Diese Formulierungen stehen jedoch in direktem Widerspruch zu einer sogenannten Taschenkarte für Bundeswehrsoldaten aus dem Jahr 2008. Darin sind die wichtigsten Regeln der Dienstvorschrift zusammengefasst. In der damaligen Version der Taschenkarte, die das Berliner Informationszentrum für Transatlantische Sicherheit veröffentlicht hat, heißt es unter "Kampfmittel und Kampfmethoden" unmissverständlich:
Insbesondere der Einsatz folgender Kampfmittel ist deutschen Soldaten bzw. Soldatinnen in bewaffneten Konflikten verboten: (...) atomare Waffen.
Taschenkarte für Bundeswehrsoldaten
Ob dieses explizite Verbot auch in der aktuellen Taschenkarte oder Ausbildungshilfen beibehalten wurde, ist unklar - eine Anfrage von Telepolis dazu soll vom Verteidigungsministerium noch beantwortet werden.

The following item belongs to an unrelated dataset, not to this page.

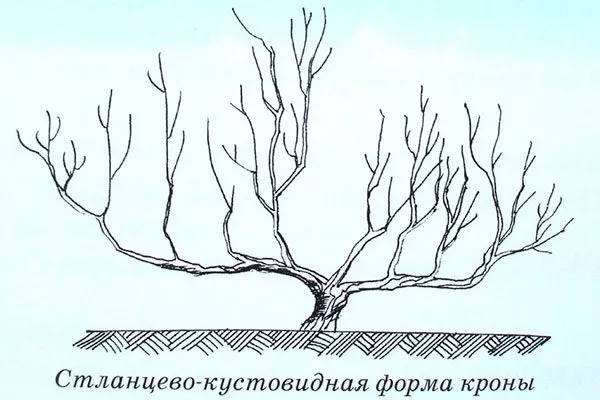 Лучшие способы формирования кроны яблонь разных видов - карликовых, полукарликовых и сильнорослых, молодых и взрослых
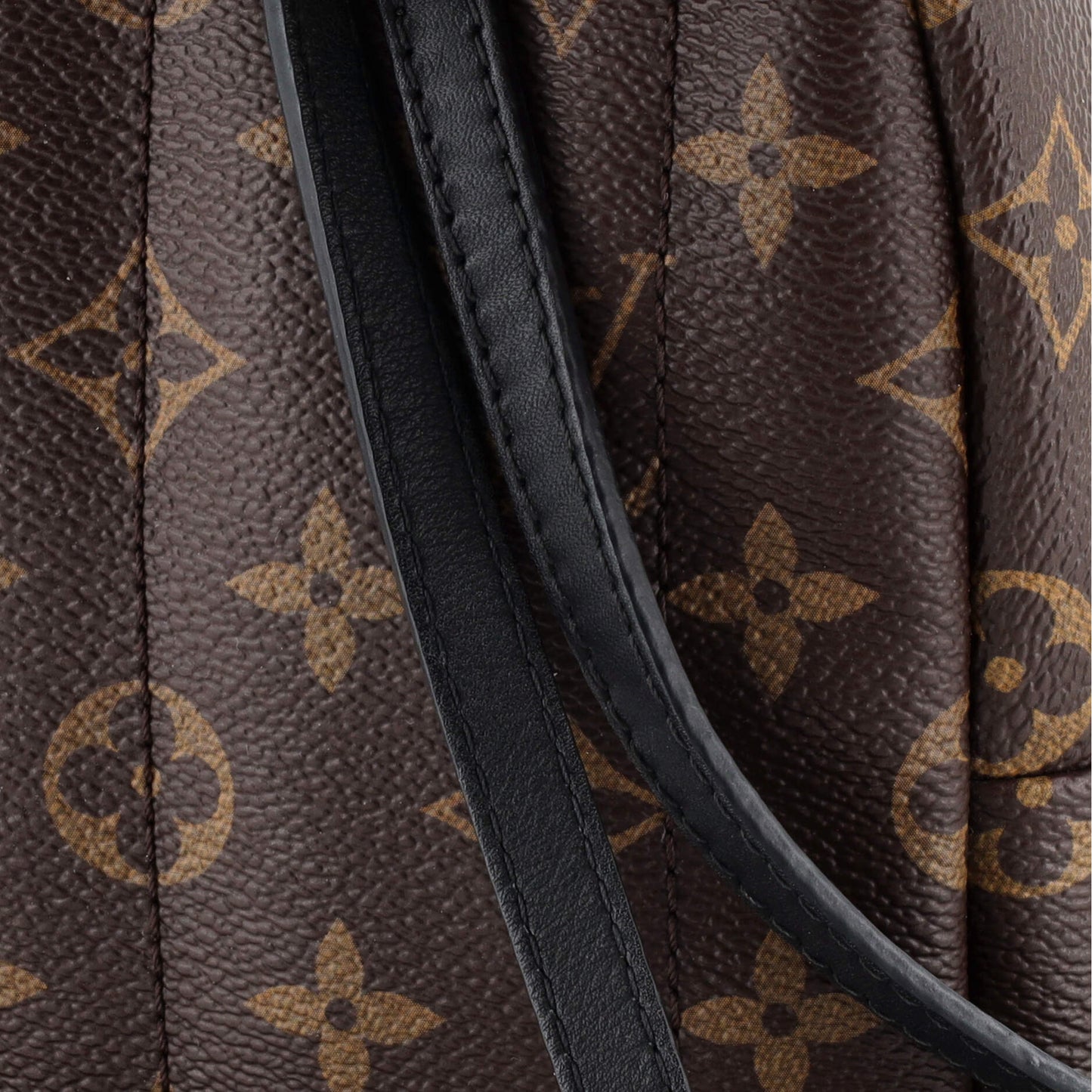 Palm Springs Backpack Monogram Canvas Mini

Die Rechtslage für deutsche Militärs bei einem möglichen Einsatz von US-Atomwaffen ist damit unklar. Dies betrifft unmittelbar das Konzept der nuklearen Teilhabe, das während des Kalten Kriegs entwickelt wurde, als sich Warschauer Pakt und Nato gegenüberstanden. Vor allem die USA wollten mit der nuklearen Teilhabe ihre Sicherheitsgarantien für Westeuropa bekräftigen.
Das Institut für Friedensforschung und Sicherheitspolitik der Universität Hamburg führt dazu aus:
"Seitdem hält die Bundeswehr Kampfjets bereit, die in der Lage sind, (US-)amerikanische Atombomben zu transportieren und im Ernstfall auch abzuwerfen."
Da die Tornado-Jet-Flotte der Bundeswehr kaum mehr einsatzbereit ist, hat Verteidigungsministerin Annegret Kramp-Karrenbauer den Kauf von 45 US-Kampfjets des Typs F-18 zugesagt, die Kosten dafür würden sich schätzungsweise auf acht Milliarden US-Dollar belaufen.
Die nukleare Teilhabe der Nato scheint sicherheitspolitisch noch aus einem anderen Grund fragwürdig. So bestätigt die Bundesregierung, dass alleine US-Präsident Donald Trump die Befehlsgewalt über US-Atomwaffen hat - also auch über schätzungsweise 20 Atombomben, die auf dem Fliegerhorst Büchel in Rheinland-Pfalz zum Einsatz bereitstehen. Die "Nukleare Planungsgruppe" der Nato, bei der über die Atomwaffenstrategie des Bündnisses diskutiert wird, hat damit nur einen nachrangigen Status.
Nach Angaben der Bundesregierung sollen dennoch "sämtliche Entscheidungen bezüglich der nuklearen Teilhabe in enger Abstimmung mit den Bündnispartnern in den dafür verantwortlichen Gremien getroffen" werden. Zugleich bleibe die Bundesregierung "dem Ziel einer nuklearwaffenfreien Welt in Frieden und Sicherheit weiter verpflichtet".
Kritik daran übte Sevim Dagdelen, die für die Linke im Auswärtigen Ausschuss sitzt und die Kleine Anfrage eingereicht hat. Gegenüber Telepolis sagte sie:
"Der Jahrestag von Hiroshima muss von der Bundesregierung genutzt werden, um den Einsatz von Atomwaffen auch nach Freigabe durch den US-Präsidenten auszuschließen."
Es sei höchste Zeit, Massenvernichtungswaffen eine klare Absage zu erteilen, sich von der nuklearen Teilhabe zu verabschieden und den Atomwaffenverbotsvertrag zu unterzeichnen, so Dagdelen weiter. Damit würde sich Deutschland dem Vorbild Islands, Dänemarks, Norwegens und Spaniens anschließen, die nie Teil der nuklearen Teilhabe waren. Kanada hatte dieser Strategie 1989 eine Absage erteilt, Griechenland 2001.